Na teoria dos recursos e do conhecimento, a firma é uma coleção de recursos tangíveis e intangíveis, que podem ser mobilizados em benefício de seu desenvolvimento. Tais recursos, resumidos na palavra conhecimento, serão fundamentais para a construção do futuro, especialmente por meio da estratégia, construída de dentro para fora, observando as potencialidades internas e o ambiente externo. A teoria dos recursos e do conhecimento existe em função de autores talentosos como Frederich von Hayek, Joseph A. Schumpeter, Edith Penrose, R. R. Nelson e S. G. Winter, aqui destacados entre outros.

Já na teoria dos custos de transação, a firma existe para reduzir custos contratuais, ou seja, de transação, tornando-se um centro de contratos de prazo indefinido, firmados especialmente com empregados, de modo a evitar contratações e descontratações em quantidades absurdamente elevadas, o que seria insuportavelmente oneroso. Adicionalmente, as firmas (centros de contratos) coexistem com outras estruturas do sistema econômico e sob regras formais e informais, às quais elas reagem e, quando possível, também influenciam. A teoria dos custos de transação se baseia no pensamento de Ronalde Coase, Oliver E. Williamson, Douglass North, J. Rogers Hollingsworth e Robert Boyer, aqui destacados.

Após estas breves considerações, cumpre relacionar as três teorias da firma descritas com a qualificação e a diversidade dos conselhos de administração. Na teoria administrativa, esses atributos favorecem os debates realizados e as decisões tomadas, conforme reconhece Pedro Melo. Naturalmente, isso ocorrerá se os conselheiros de administração forem bem qualificados e contribuírem de forma assertiva para o sucesso dos negócios, o que vale tanto para as celebridades quanto para pessoas midiaticamente desconhecidas. Desde que todos possam contribuir para o desempenho organizacional, suas participações serão preciosas.

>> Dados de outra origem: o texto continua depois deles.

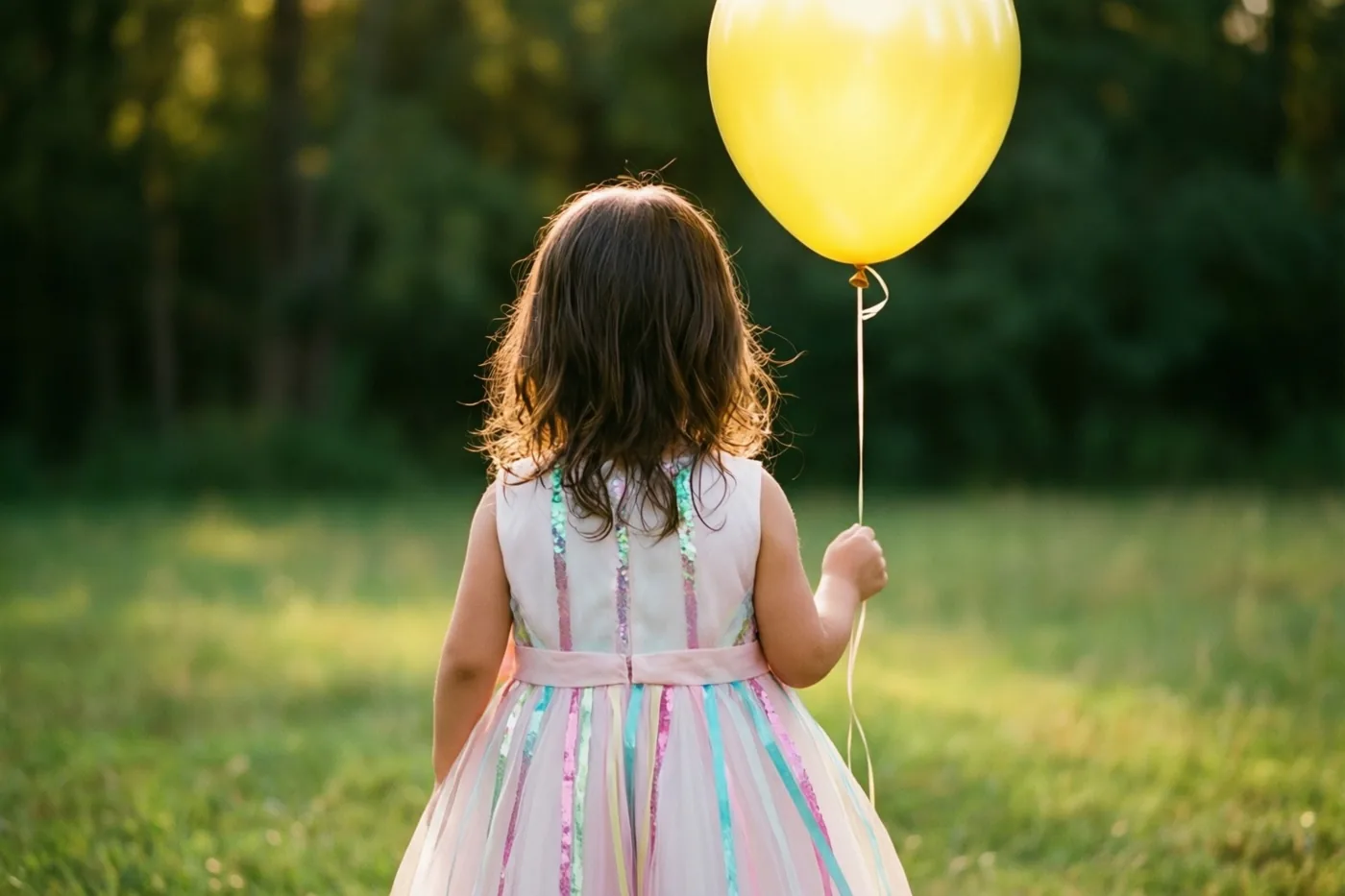 Een klein meisje in een kleurrijk feestjurkje staat met haar rug naar de camera in een zonnig grasveld met een gele ballon, met een wazig groen bos op de achtergrond.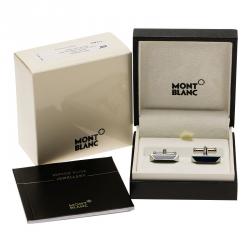 Pre Owned Montblanc Iconic Lines Blue & Black Lacquer Steel Bar Cufflinks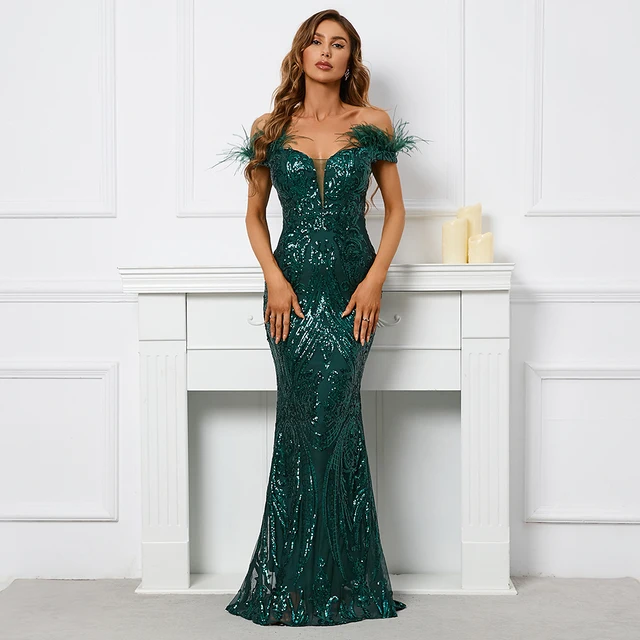 Kevwe Off Shoulder with Feather Sequin Dress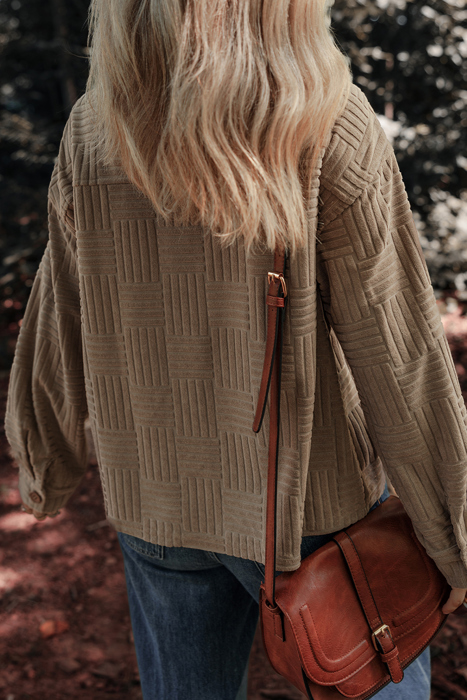 Love Kuza - Mocha Maze Textured Button Shacket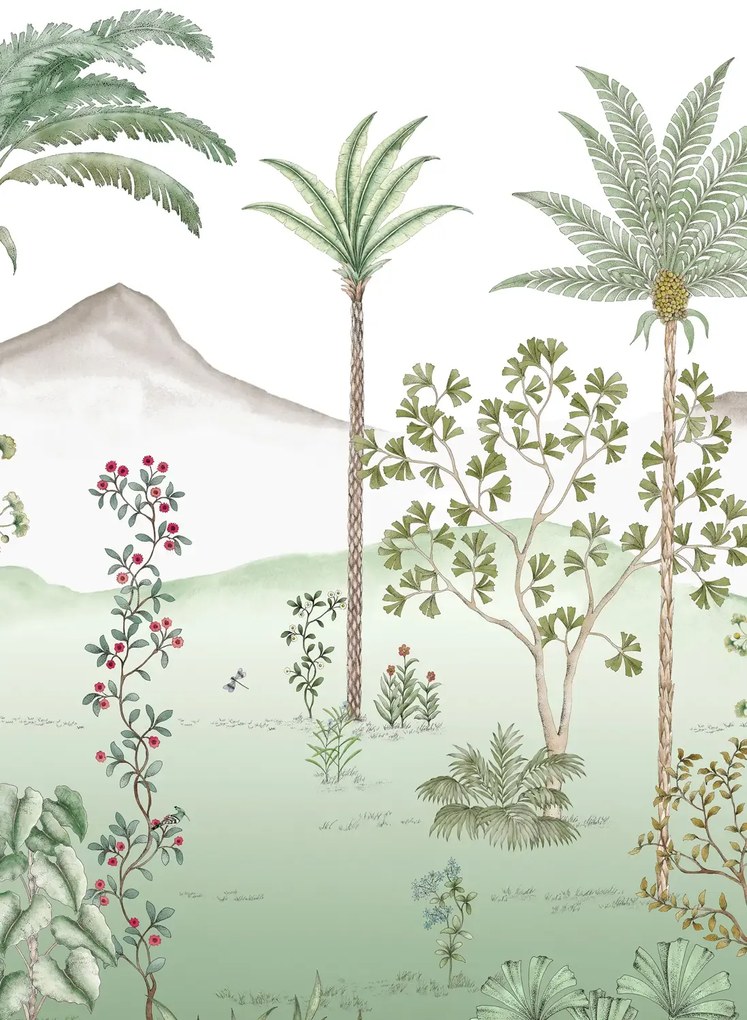 Isidore Leroy Carta da parati panoramica Jardin des Oiseaux Jade - Panel B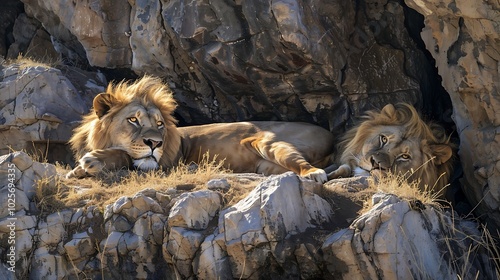 A male lion rests on a rocky outcrop and pants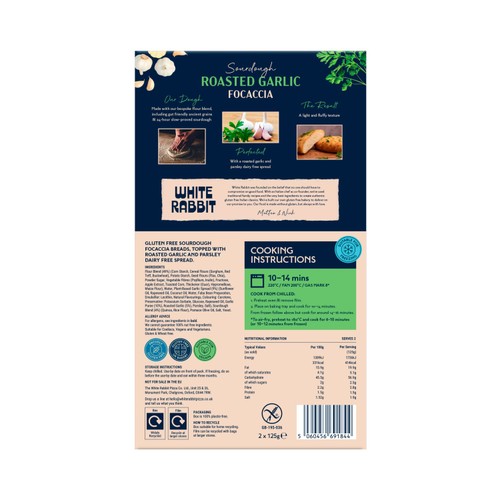 White Rabbit Gluten Free Roasted Garlic Focaccia thumbnail 3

No que tange à teoria dos recursos e do conhecimento, a correlação com a qualificação e a diversidade do conselho de administração também parece forte. Afinal, faz sentido pensar que uma estratégia construída pela diretoria executiva e discutida a fundo por um conselho de administração bem qualificado e com variadas formas de entender a realidade será melhor do que uma estratégia baseada em reduzido nível de qualificação e na uniformidade de pensamento. Uma estratégia mais embasada tende a ser melhor.

Por fim, no que respeita à teoria dos custos de transação, qualificação e diversidade também são relevantes. Serão muito importantes tanto na coordenação das múltiplas relações contratuais da firma (e abrangendo não apenas os contratos com os empregados, mas com clientes, fornecedores, financiadores e outros públicos stakeholders), quanto na discussão e deliberação sobre boas respostas ao ambiente institucional, cada vez mais complexo e mutante.   

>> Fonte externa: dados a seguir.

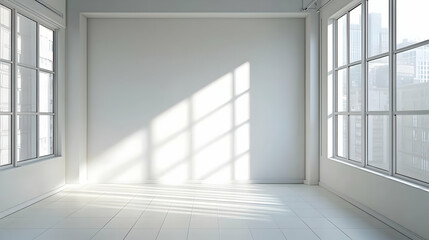 Obraz premium Minimalist White Interior With Large Windows Providing Natural Light and City View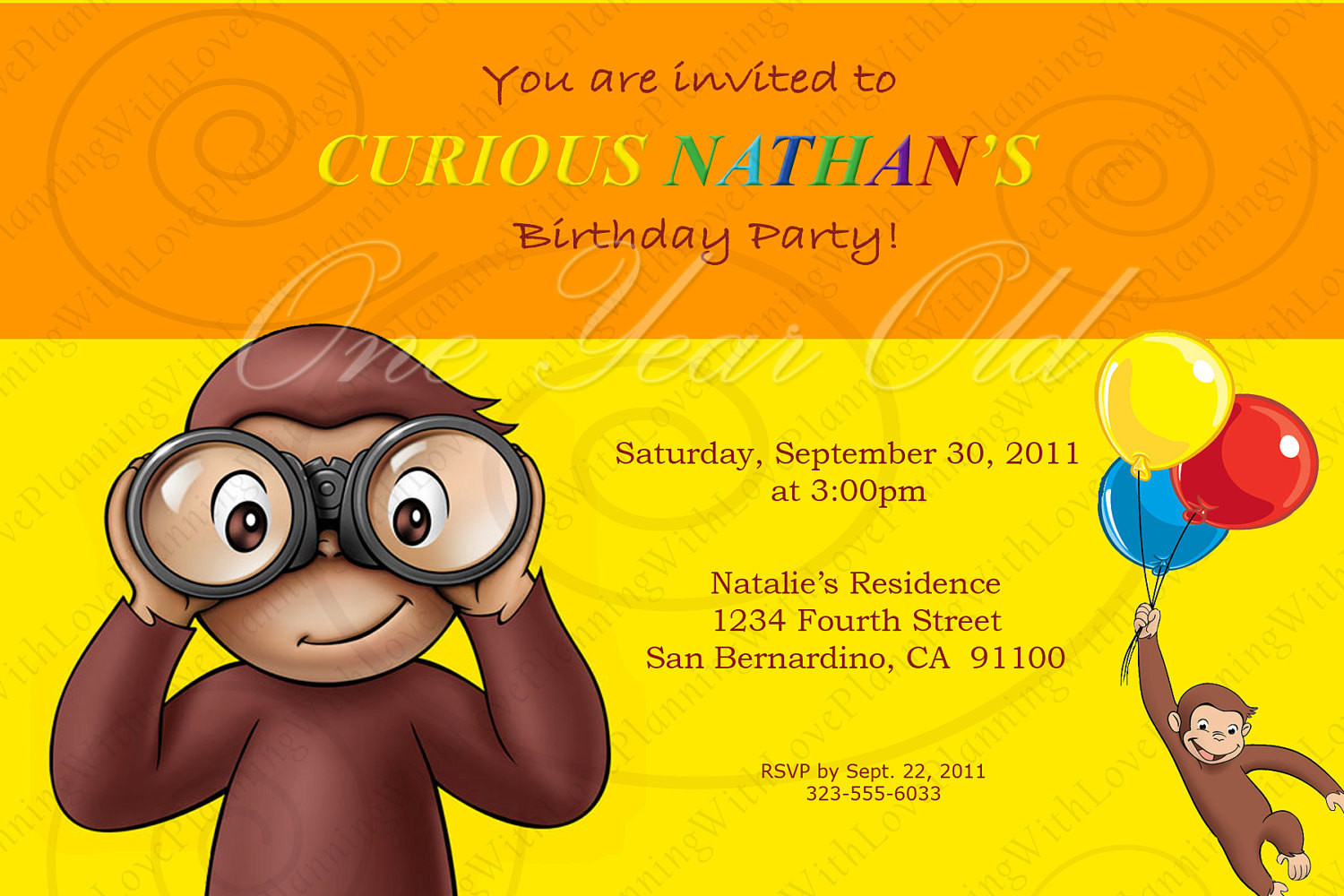 Curious George Birthday Party Invitations
 Curious George Invitation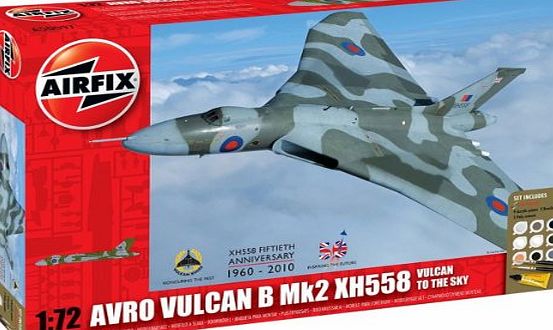 Airfix A50097 1:72 Scale Military Air Power Avro Vulcan XH58 Vulcan to the Sky Gift Set with Paints, Glue and Brushes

Em suma, a nosso ver, sob o prisma das três teorias da firma brevemente apresentadas neste artigo, qualificação e diversidade nos conselhos de administração são quesitos muito relevantes e devem ser objeto de grande atenção na construção dessas – e por que não? – de outras instâncias corporativas. Ao mesmo tempo, esses quesitos devem se aplicar indistintamente às celebridades e às não-celebridades: todas estas pessoas podem ser bem qualificadas e contribuir em grande medida para boas decisões.

Por fim, respondendo à pergunta celebridades no conselho das empresas ajudam a criar bom desempenho? acreditamos que sim, que isto pode ocorrer, dependendo da qualificação da pessoa e do seu nível de engajamento nas discussões do conselho. Não ignoramos que o anúncio da participação de uma celebridade no conselho de administração cria maior visibilidade para as organizações que assim o fazem, mas para o conselho, importam qualificação e engajamento, que podem ser sintetizados em capacidade de agregar valor aos negócios. Pessoas com tal capacidade devem ser sempre muito benvindas à cúpula das empresas, aos conselhos administrativos e à sua operacionalização. Celebridades ou não.